*** Opening of EXERCISE MATERIALS ***
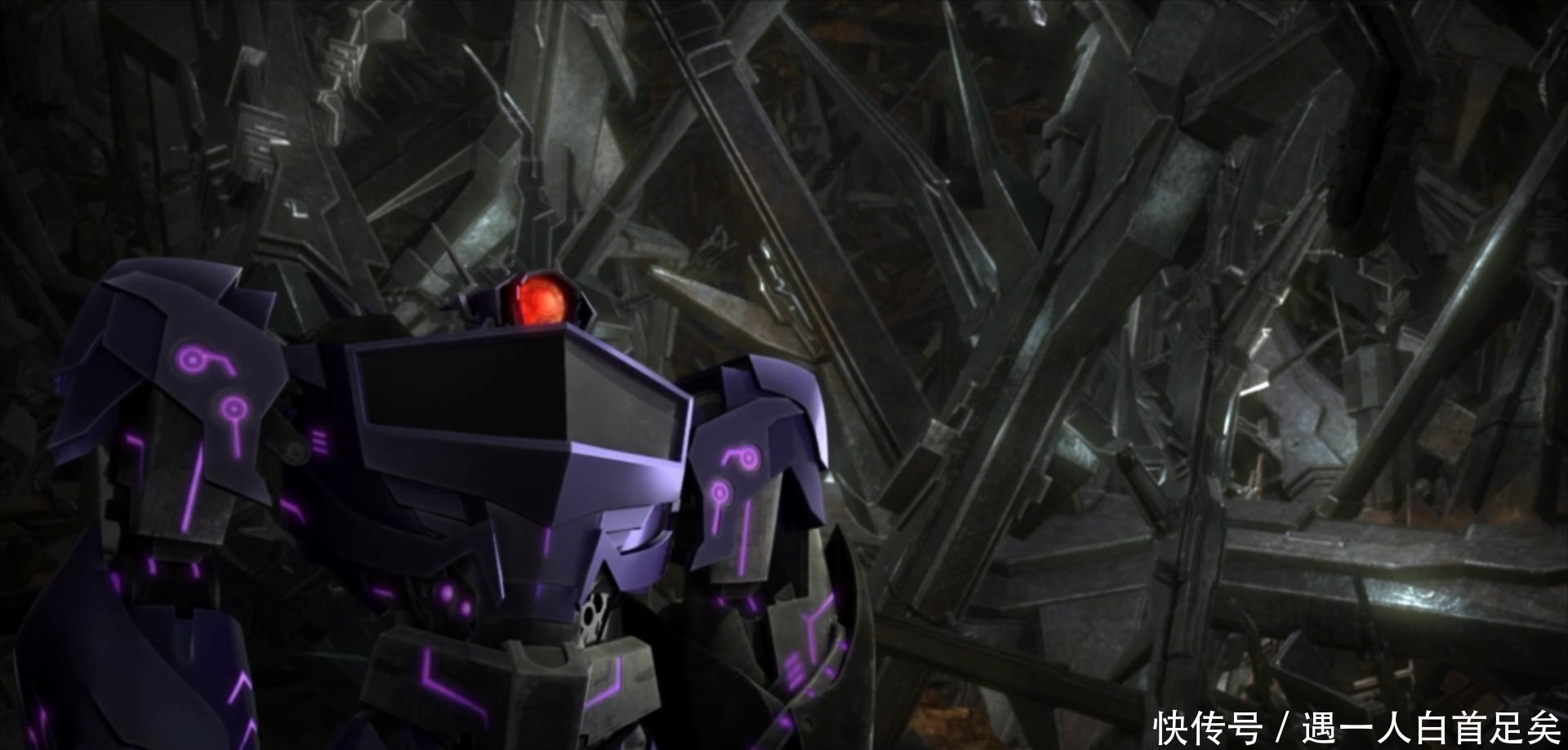 冲云霄|变形金刚——领袖之证第六十一集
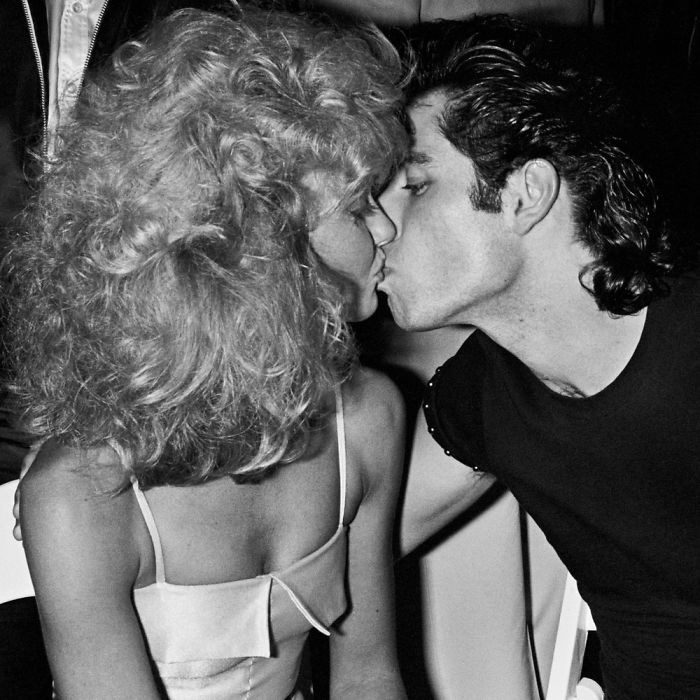 John Travolta & Olivia Newton-John, 1978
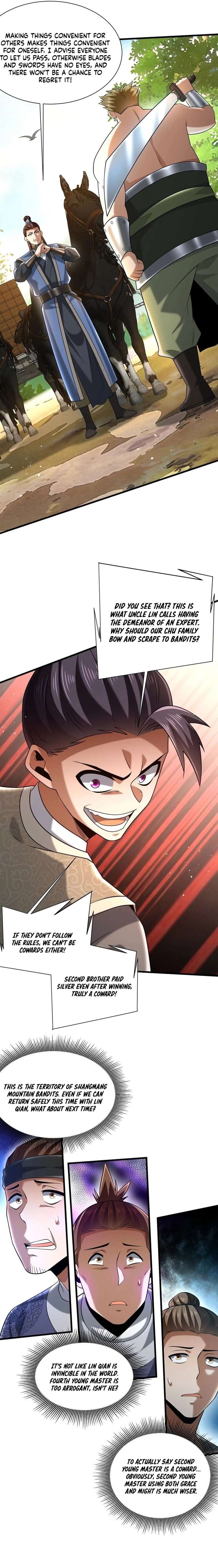 Bai Jian Jiaozhu Daren Chapter 9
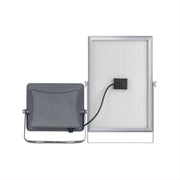 LED Solar Floodlight 1200Lm with PIR Motion Sensor and Remote Control 4000K IP65 - Flood & Spot Lights - Solar Lighting
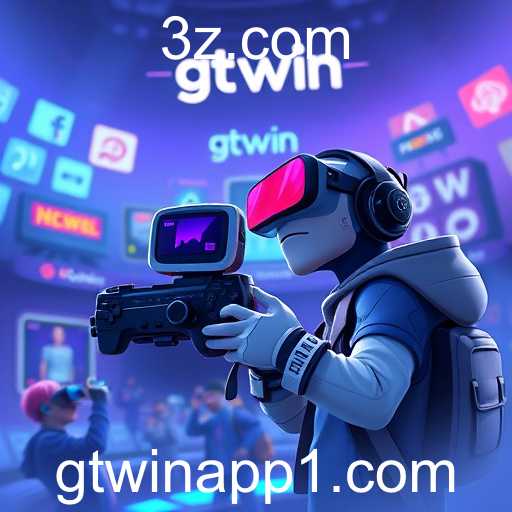 A Revolução dos Jogos com a GTwin App
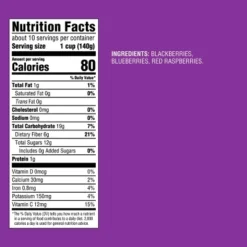 Trio Berry Bliss Frozen Fruit Blend - 48oz - Good & Gather™ -Good & Gather GUEST 5e75c70c 1907 4772 aba1 618d6a34f379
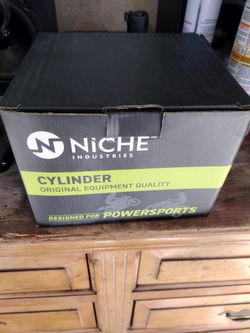 Honda 400ex Cylinder Jug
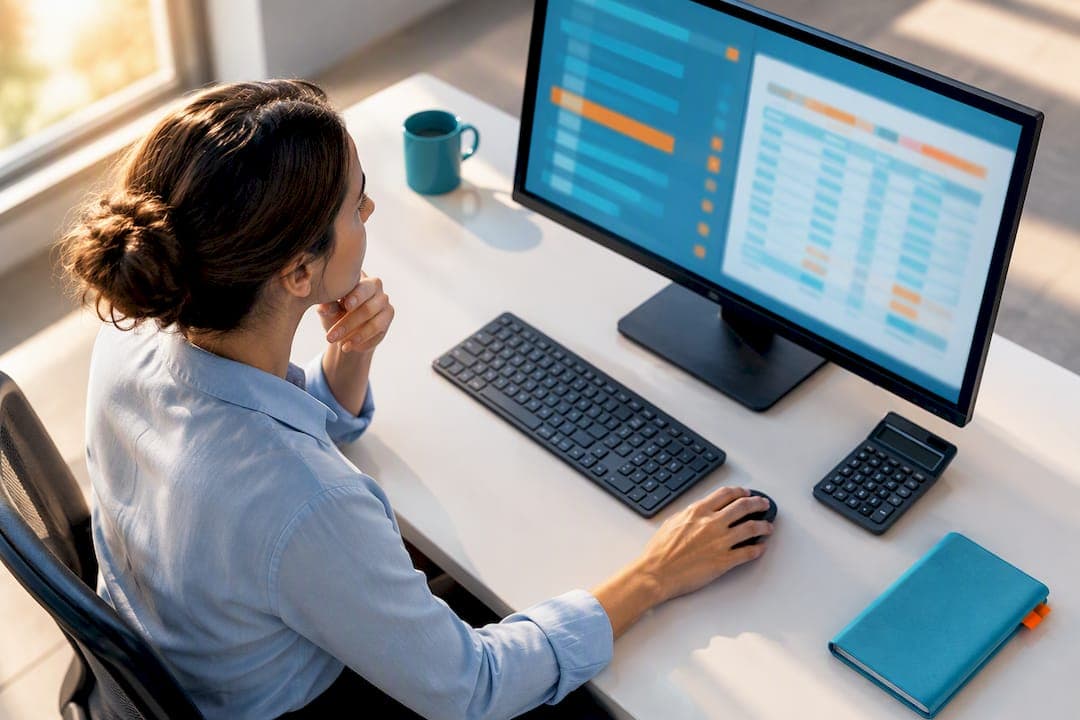 Financial Report Automation: Start With Reconciliations and Controls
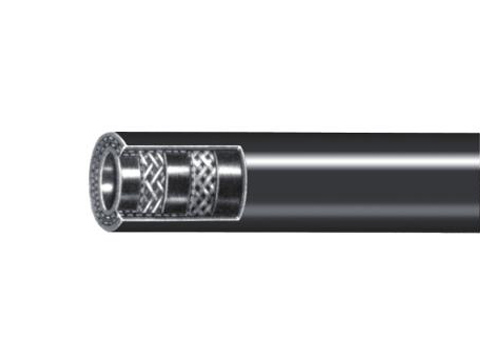 SAE 100R3 FIBER BRAIDED HYDRAULIC HOSE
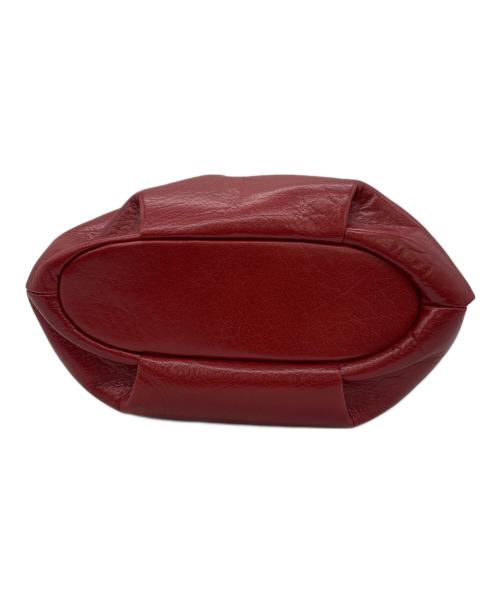 KITAMURA（キタムラ）KITAMURA (キタムラ) 2WAYバッグ レッドの古着・服飾アイテム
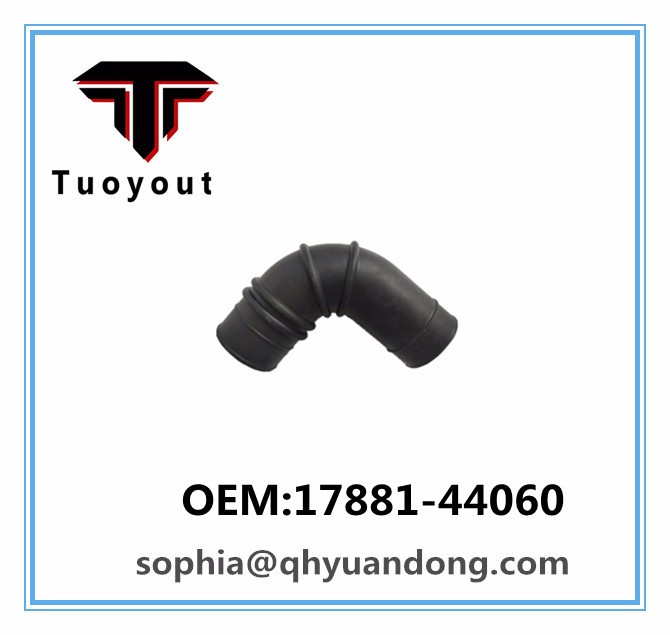 Air Intake Hose Toyota OEM:17881-44060 1788144060 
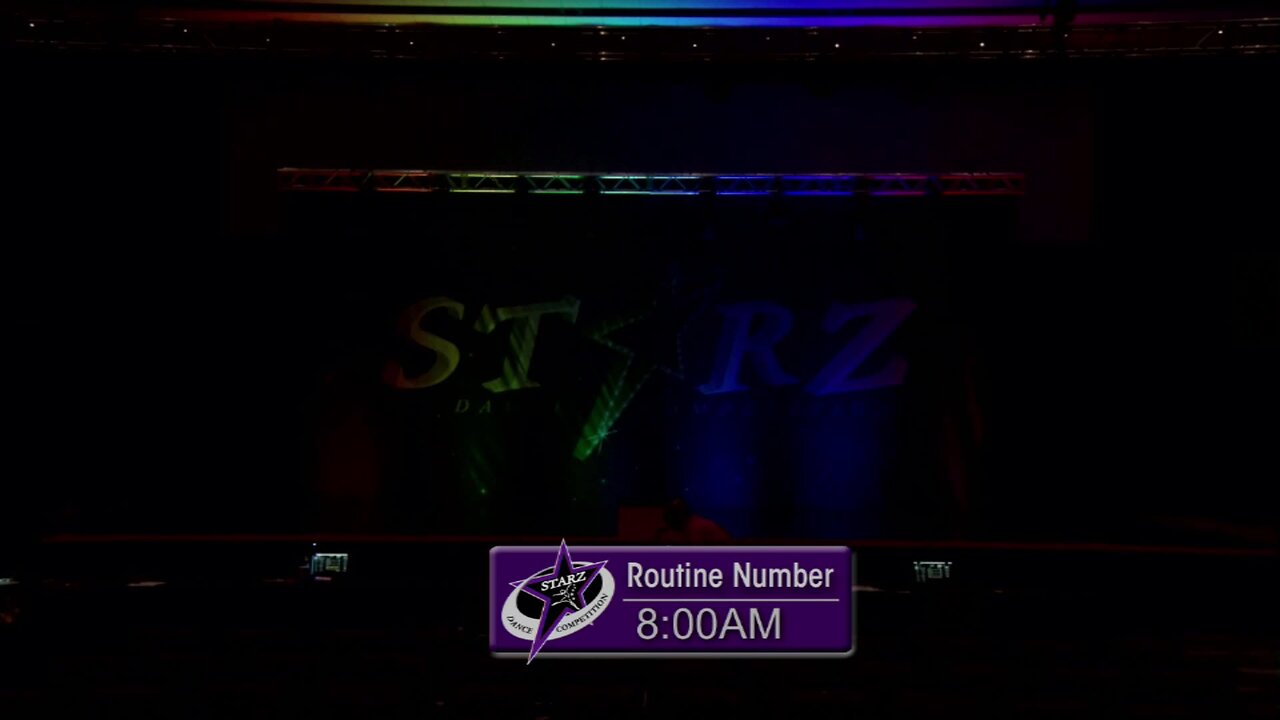 Midwest Starz Dance Competition - Cedar Rapids, IA - Room B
*** Close of EXERCISE MATERIALS ***
## WORK ITEM
Before copying, set the pictures aside; then give the records again exactly.

## SOLUTION FOR THIS TASK
 冲云霄|变形金刚——领袖之证第六十一集
 John Travolta & Olivia Newton-John, 1978
 Bai Jian Jiaozhu Daren Chapter 9
 LED Solar Floodlight 1200Lm with PIR Motion Sensor and Remote Control 4000K IP65 - Flood & Spot Lights - Solar Lighting
 A Revolução dos Jogos com a GTwin App
 Trio Berry Bliss Frozen Fruit Blend - 48oz - Good & Gather™ -Good & Gather GUEST 5e75c70c 1907 4772 aba1 618d6a34f379
 Honda 400ex Cylinder Jug
 Financial Report Automation: Start With Reconciliations and Controls
 SAE 100R3 FIBER BRAIDED HYDRAULIC HOSE
 KITAMURA（キタムラ）KITAMURA (キタムラ) 2WAYバッグ レッドの古着・服飾アイテム
 Air Intake Hose Toyota OEM:17881-44060 1788144060 
 Midwest Starz Dance Competition - Cedar Rapids, IA - Room B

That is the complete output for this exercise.